DATASET ENTRIES —
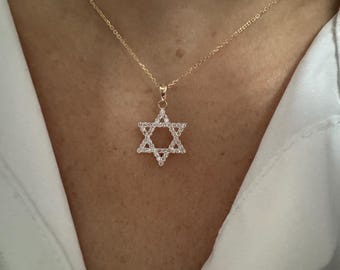 May include: A gold-colored necklace featuring a Star of David pendant. The pendant is encrusted with small, clear gemstones, creating a sparkling effect. The necklace is displayed against a neutral background.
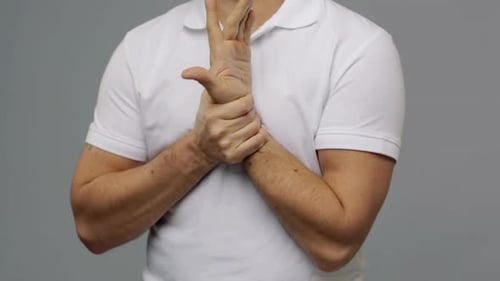 Man Massaging His Wrist in Painful Motion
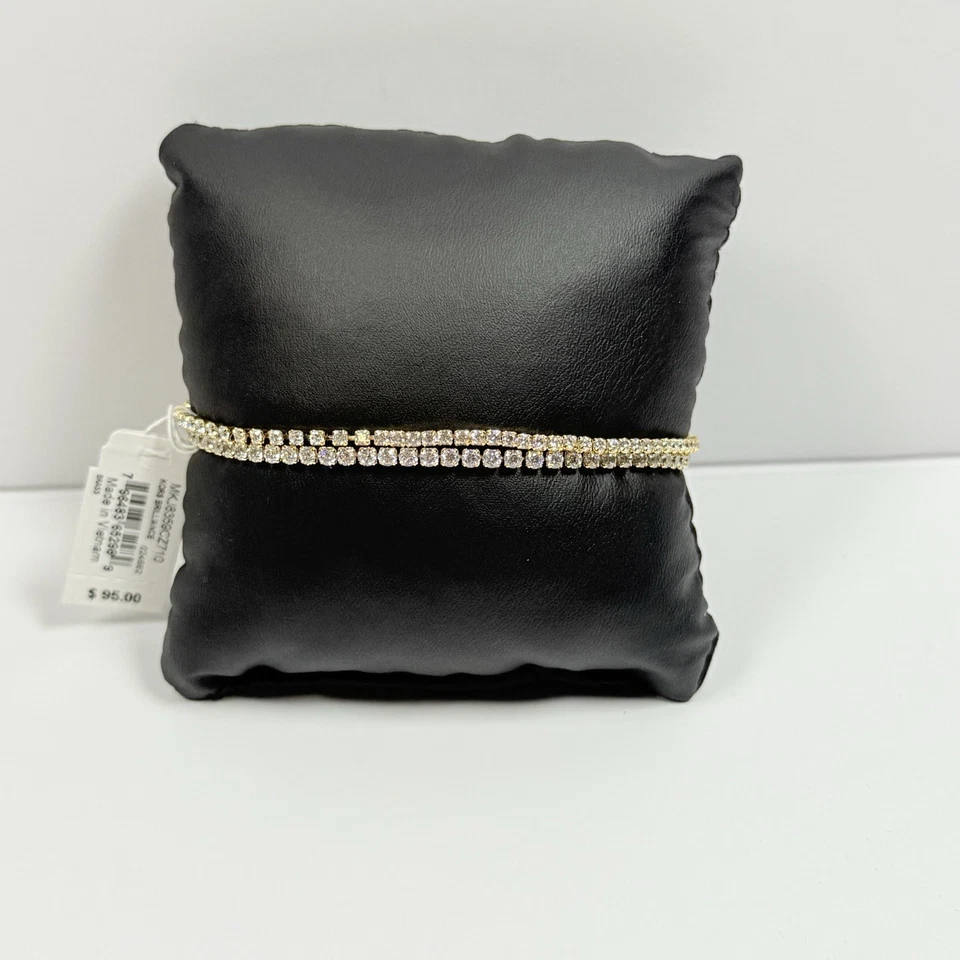 Pulsera Michael Kors tono dorado brillante para dama MKJ8359CZ710 Foto 2 de 3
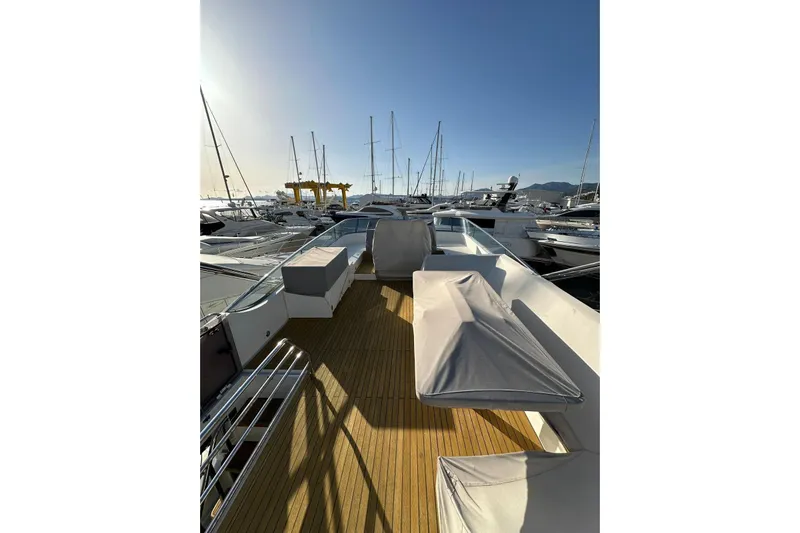  Yacht Photos Pics 2014 Fairline Squadron 65 yacht deck with covered seating, docked in a marina.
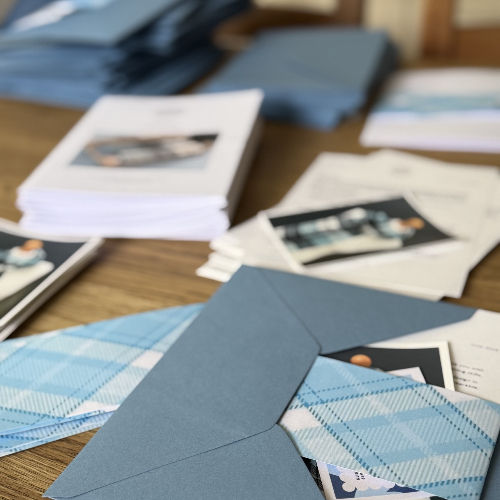Stacks of blue patterned envelopes and printed cards spread across a wooden table, suggesting invitation assembly.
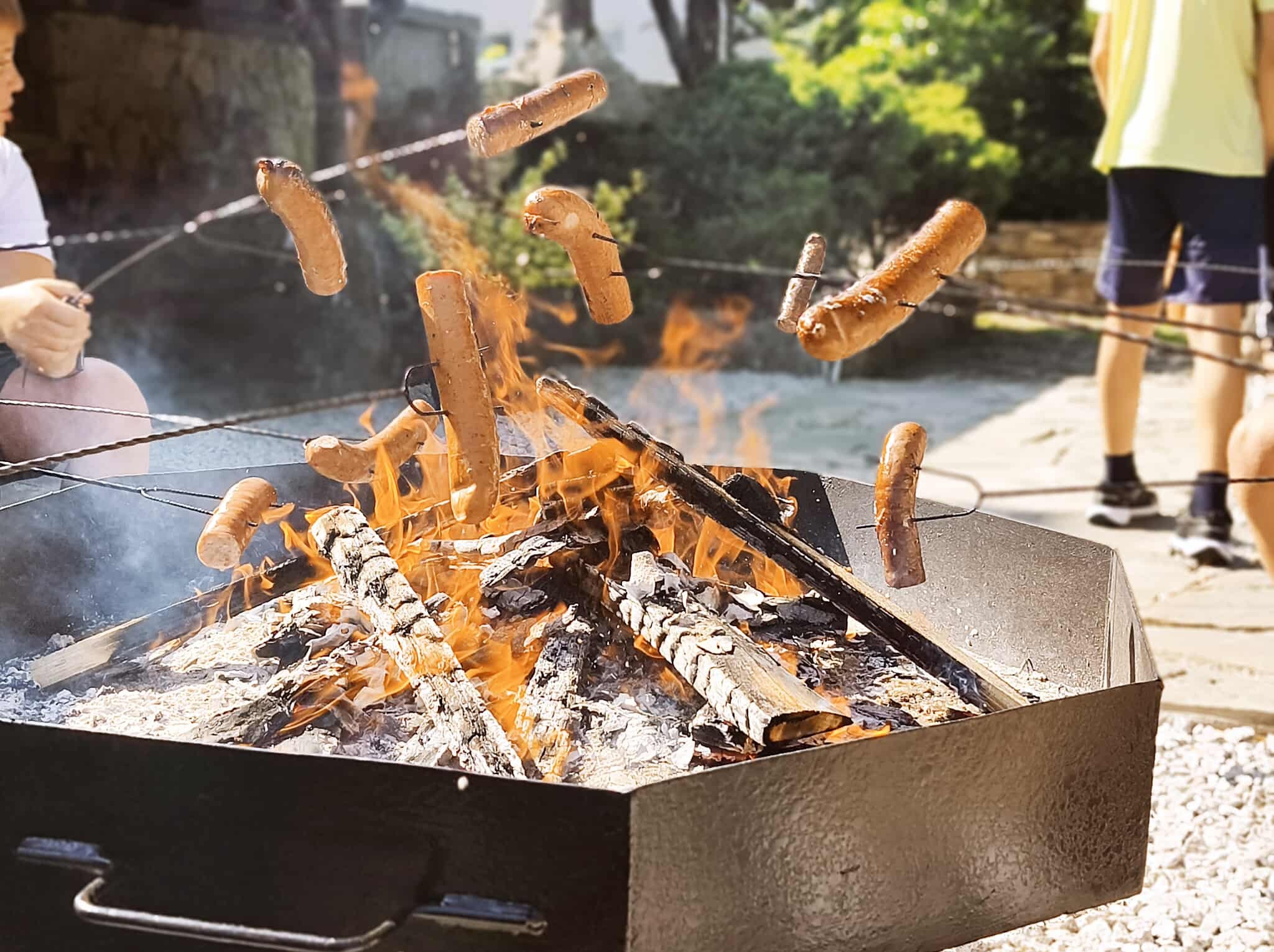 Ognisko w metalowej skrzyni z unoszącymi się nad nim kiełbaskami nabitymi na patyki. W tle osoby przygotowujące posiłek na świeżym powietrzu.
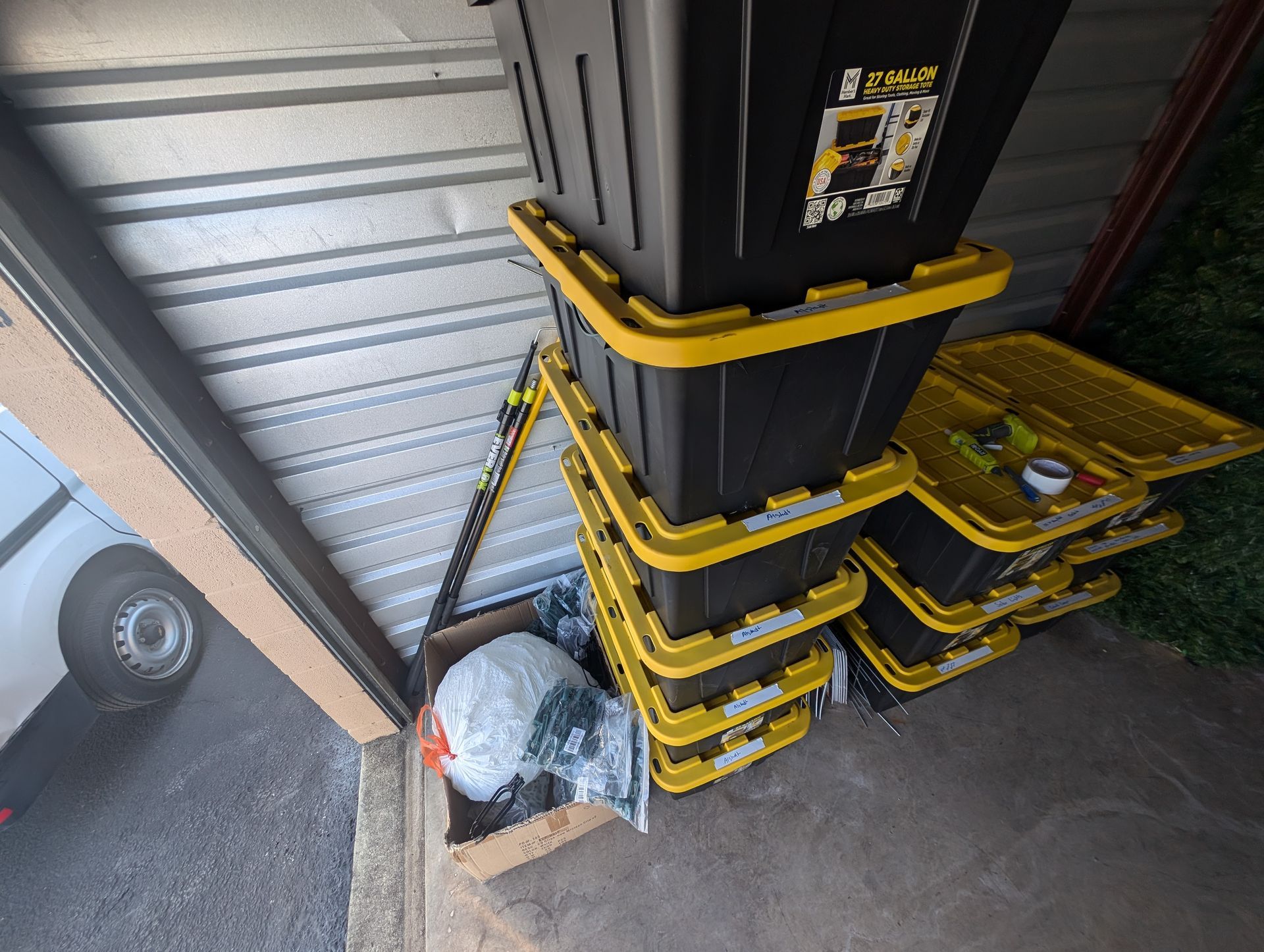 Storage unit interior with stacked black and yellow bins, cardboard box, and a white van.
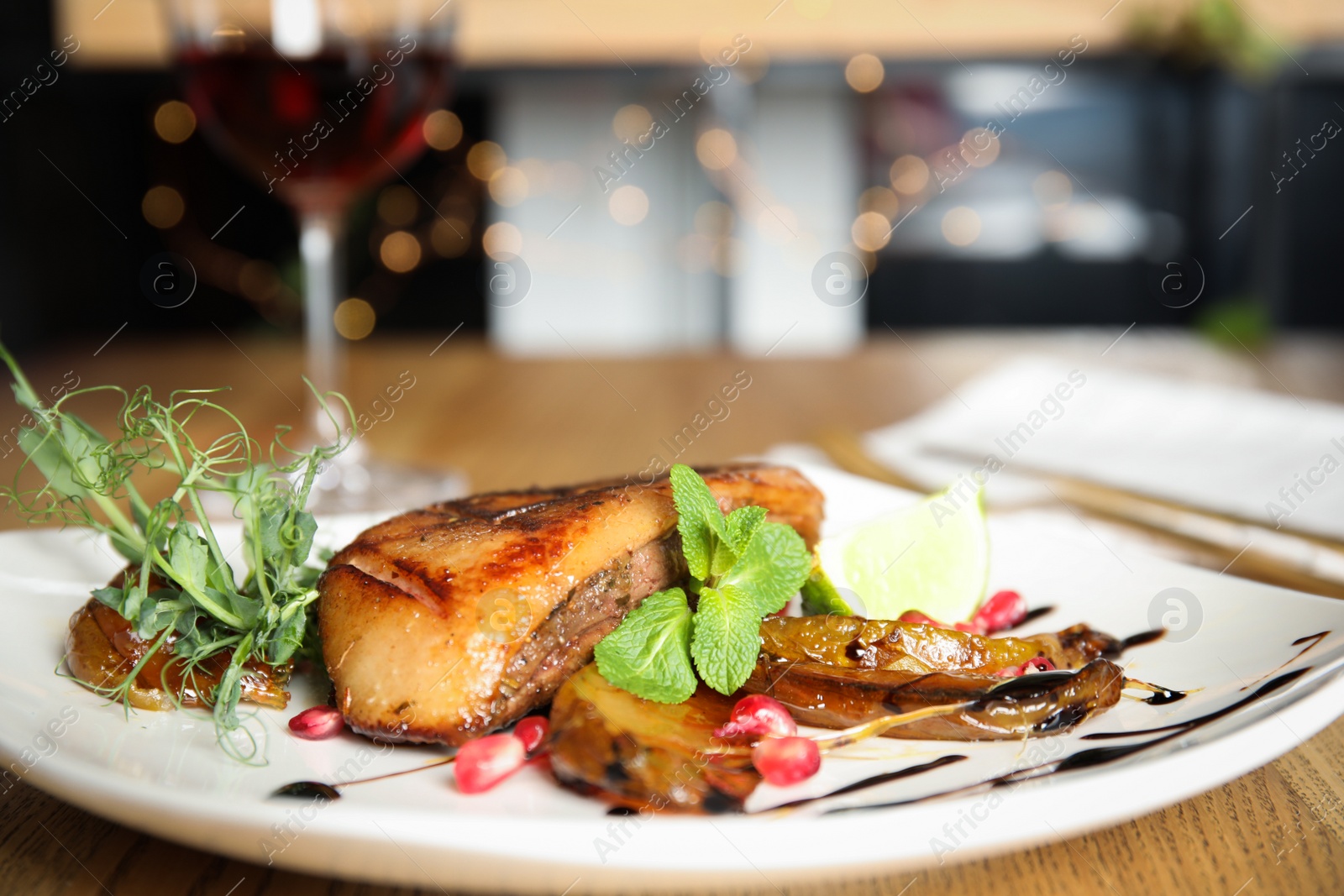 Photo of Delicious grilled duck breast served on wooden table indoors, closeup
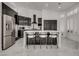 Modern kitchen featuring stainless steel appliances and marble countertops at 825 Royal Moon Ave, Las Vegas, NV 89123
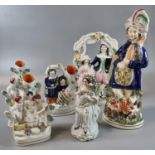 A collection of 19th Century Staffordshire flat back figurines and figure group spill vases;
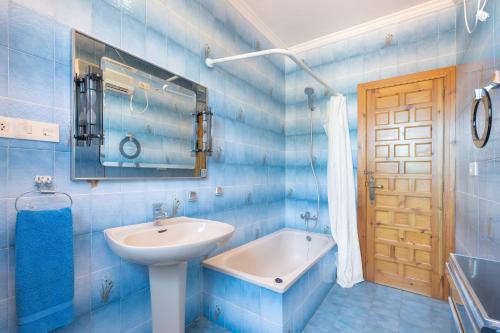 a blue tiled bathroom with a sink and a mirror at El Cachorro in Altura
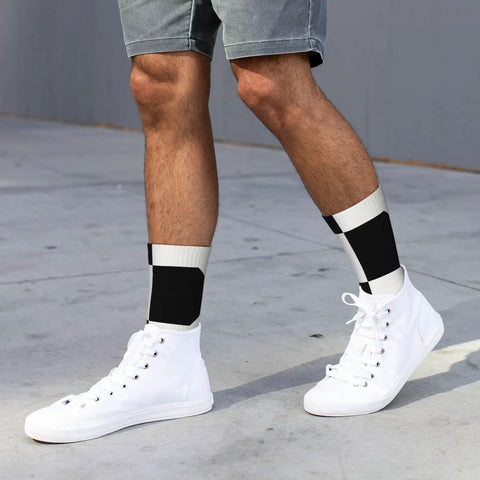 Fresh Black And White Piano Grid Print Crew Socks For Men And Women Straight Up Comfy Polyester Athletic Hosiery worn with white sneakers.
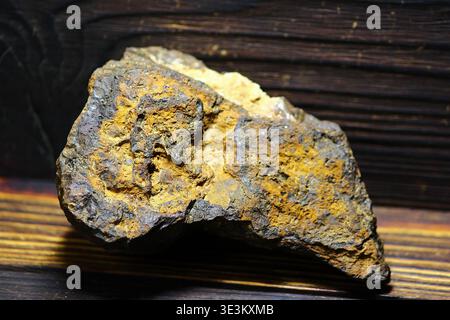 Rough limonite iron ore specimen from Russia's Kaluga region, showcasing rich earthy tones and rugged texture against dark wood Stock Photo
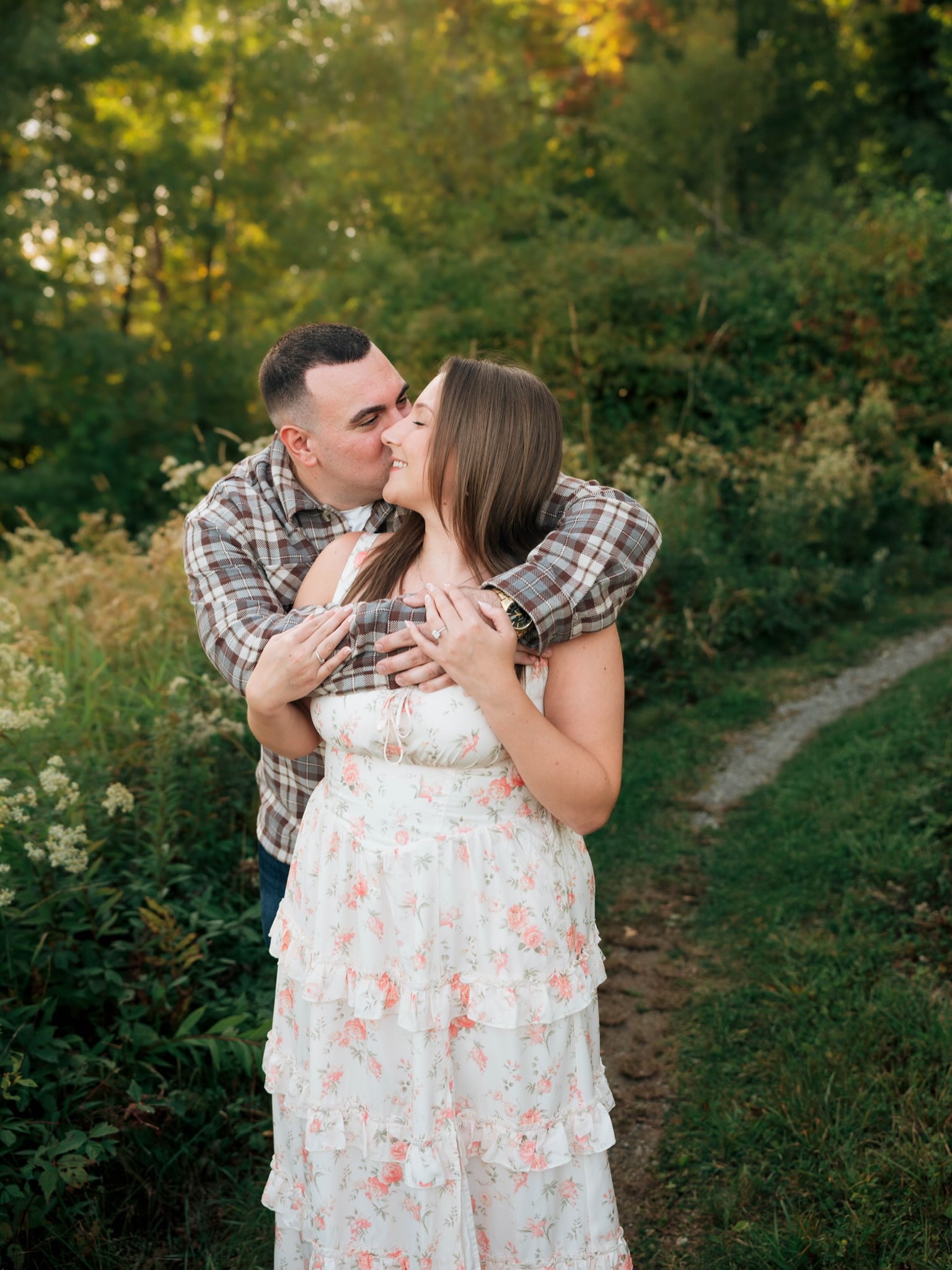 John embracing Erica during their engagement photo session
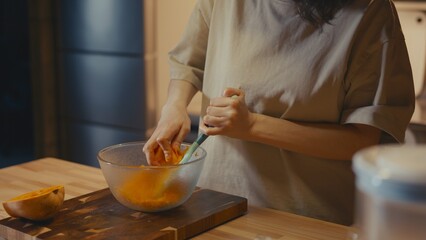 Medium shot of woman grating fresh butternut squash in a home kitchen. Half of the squash lies on wooden cutting board. Blurred domestic background, warm atmosphere, healthy organic meal preparation.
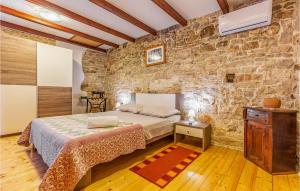 a bedroom with a bed and a stone wall at Holiday Home Kavran - 08 in Kavran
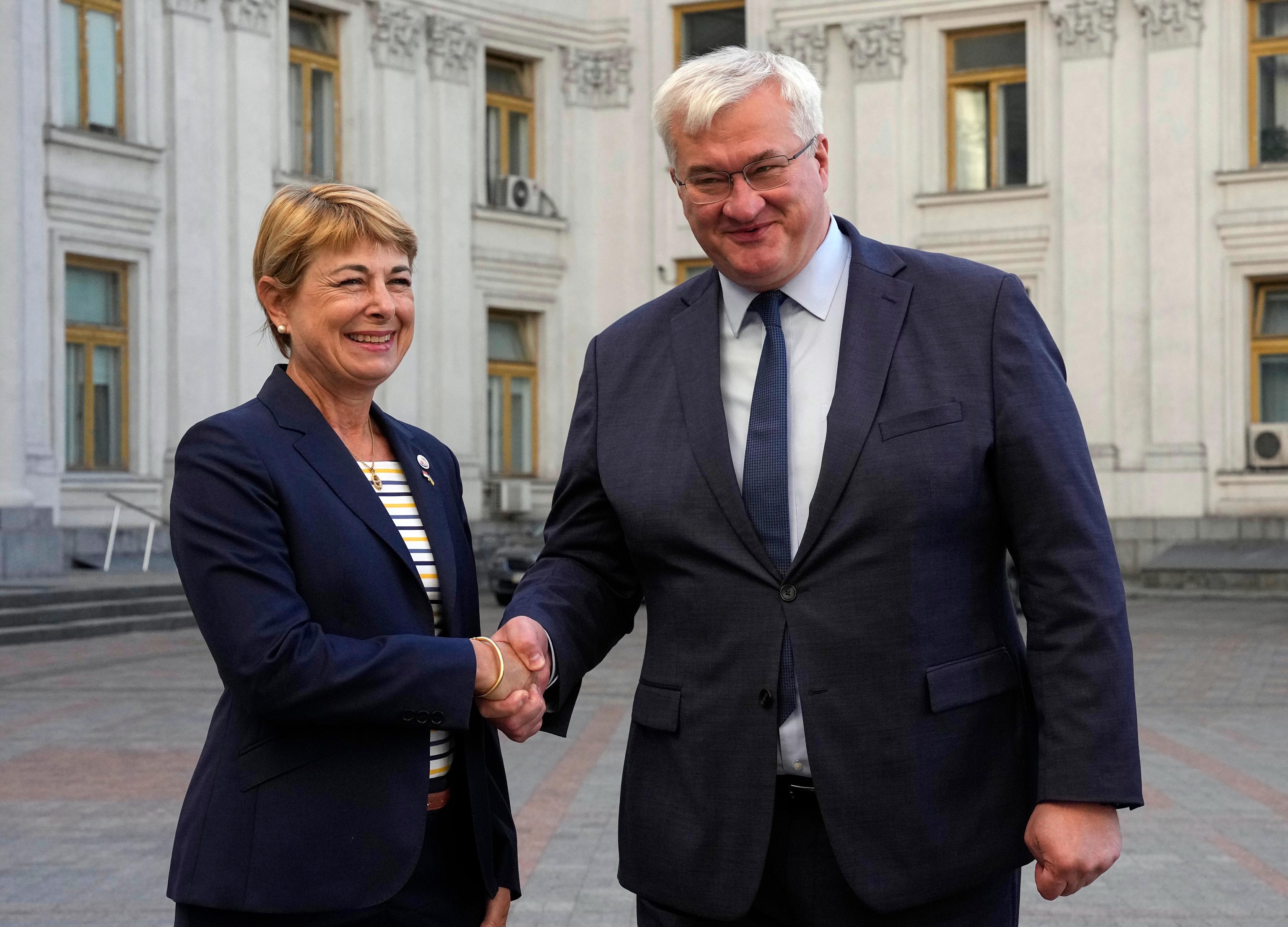Monaco's Foreign Minister Isabelle Berro-Amadei, left, and Ukrainian Foreign Minister Andrii Sybiha.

TASK — The pictures stay out; copy the rest of the data word for word.

TASK RESPONSE —
 May include: A gold-colored necklace featuring a Star of David pendant. The pendant is encrusted with small, clear gemstones, creating a sparkling effect. The necklace is displayed against a neutral background.
 Man Massaging His Wrist in Painful Motion
 Pulsera Michael Kors tono dorado brillante para dama MKJ8359CZ710 Foto 2 de 3
  Yacht Photos Pics 2014 Fairline Squadron 65 yacht deck with covered seating, docked in a marina.
Stacks of blue patterned envelopes and printed cards spread across a wooden table, suggesting invitation assembly.
 Ognisko w metalowej skrzyni z unoszącymi się nad nim kiełbaskami nabitymi na patyki. W tle osoby przygotowujące posiłek na świeżym powietrzu.
 Storage unit interior with stacked black and yellow bins, cardboard box, and a white van.
 Photo of Delicious grilled duck breast served on wooden table indoors, closeup
 Modern kitchen featuring stainless steel appliances and marble countertops at 825 Royal Moon Ave, Las Vegas, NV 89123
 A collection of 19th Century Staffordshire flat back figurines and figure group spill vases;
 a blue tiled bathroom with a sink and a mirror at El Cachorro in Altura
 Fresh Black And White Piano Grid Print Crew Socks For Men And Women Straight Up Comfy Polyester Athletic Hosiery worn with white sneakers.
 Rough limonite iron ore specimen from Russia's Kaluga region, showcasing rich earthy tones and rugged texture against dark wood Stock Photo
 John embracing Erica during their engagement photo session
 Medium shot of woman grating fresh butternut squash in a home kitchen. Half of the squash lies on wooden cutting board. Blurred domestic background, warm atmosphere, healthy organic meal preparation.
 a bedroom with a bed and a stone wall at Holiday Home Kavran - 08 in Kavran
Monaco's Foreign Minister Isabelle Berro-Amadei, left, and Ukrainian Foreign Minister Andrii Sybiha.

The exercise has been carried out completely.